▸ **YOUR TASK**:
Retype the lines of the material below, exactly and only, from the one containing "Elegant men's raw" through the last line, with pictures left out.

▸ **PROVIDED ENTRIES**:
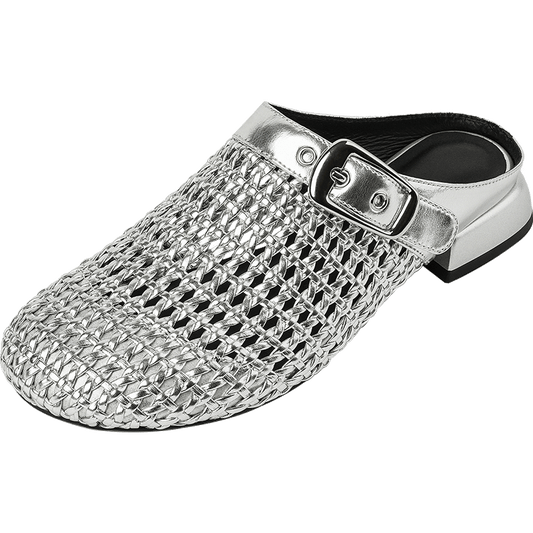 Women's Hollow Out Leather Low Heel Buckle Summer Mule Sandals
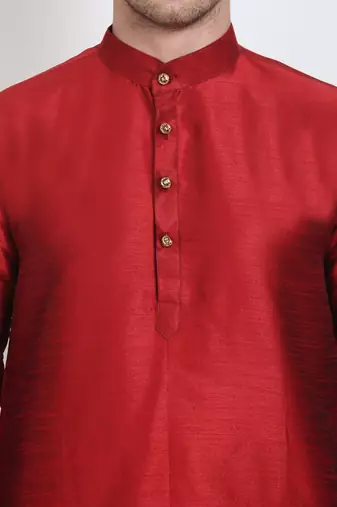 Elegant men's raw silk kurta with pants stitched maroon color
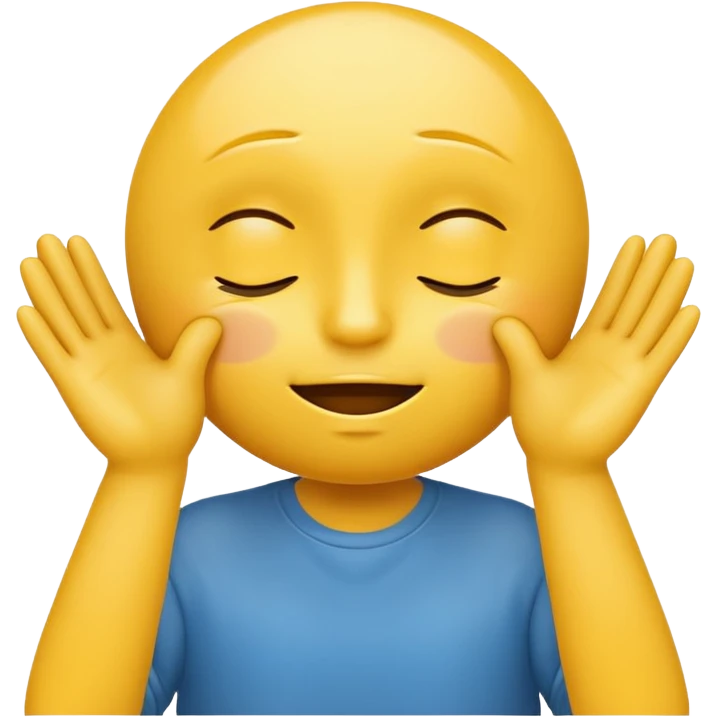 yellow emoticon with hands over eyes not smiling emoji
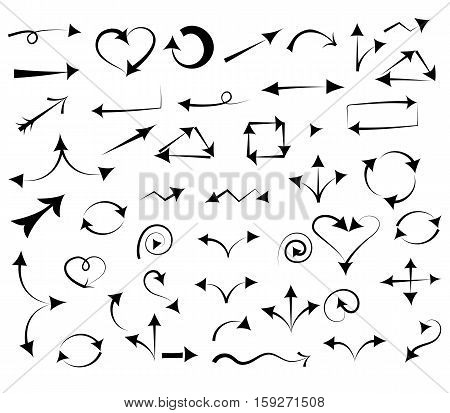 Hand Drawn Arrows isolated on White.Sketch Style. Prefect for Design. Vector Illustration.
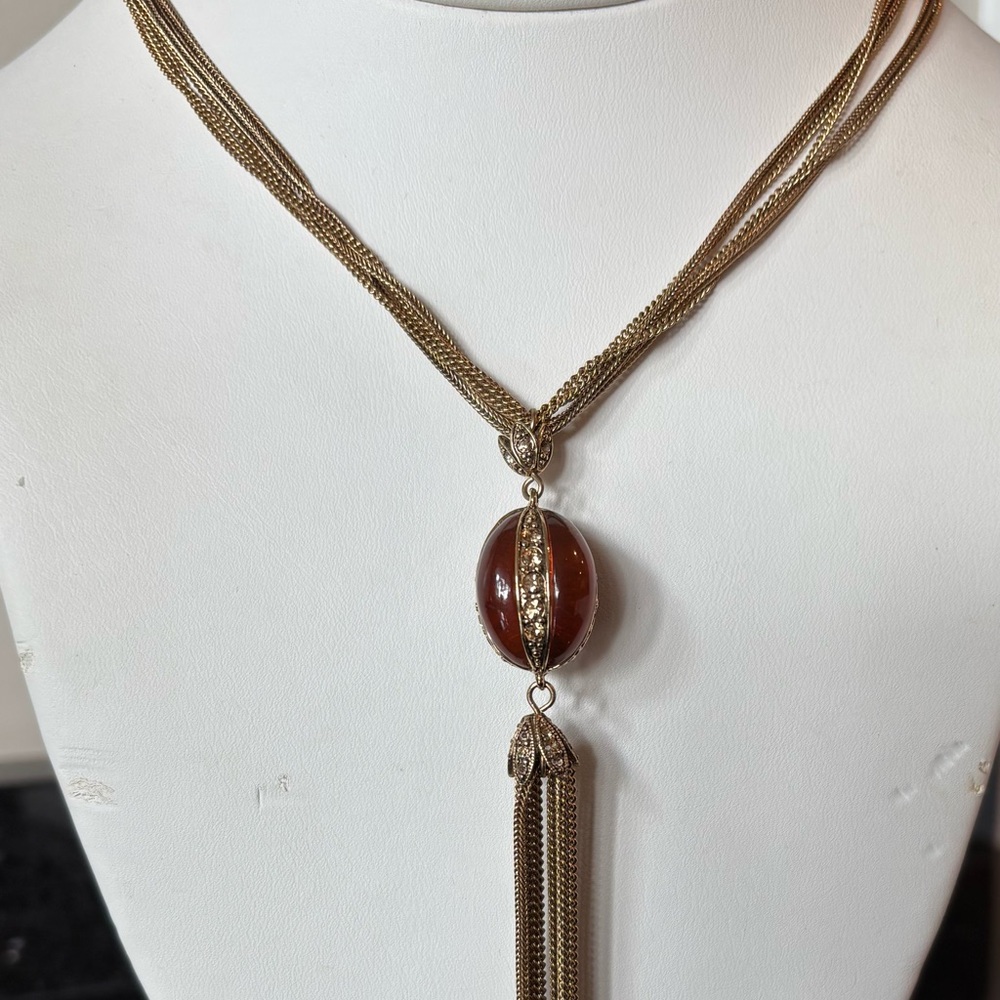 Monet Gold Necklace with Brown Pendant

▸ **EXERCISE SOLUTION**:
 Elegant men's raw silk kurta with pants stitched maroon color
 yellow emoticon with hands over eyes not smiling emoji
 Hand Drawn Arrows isolated on White.Sketch Style. Prefect for Design. Vector Illustration.
 Monet Gold Necklace with Brown Pendant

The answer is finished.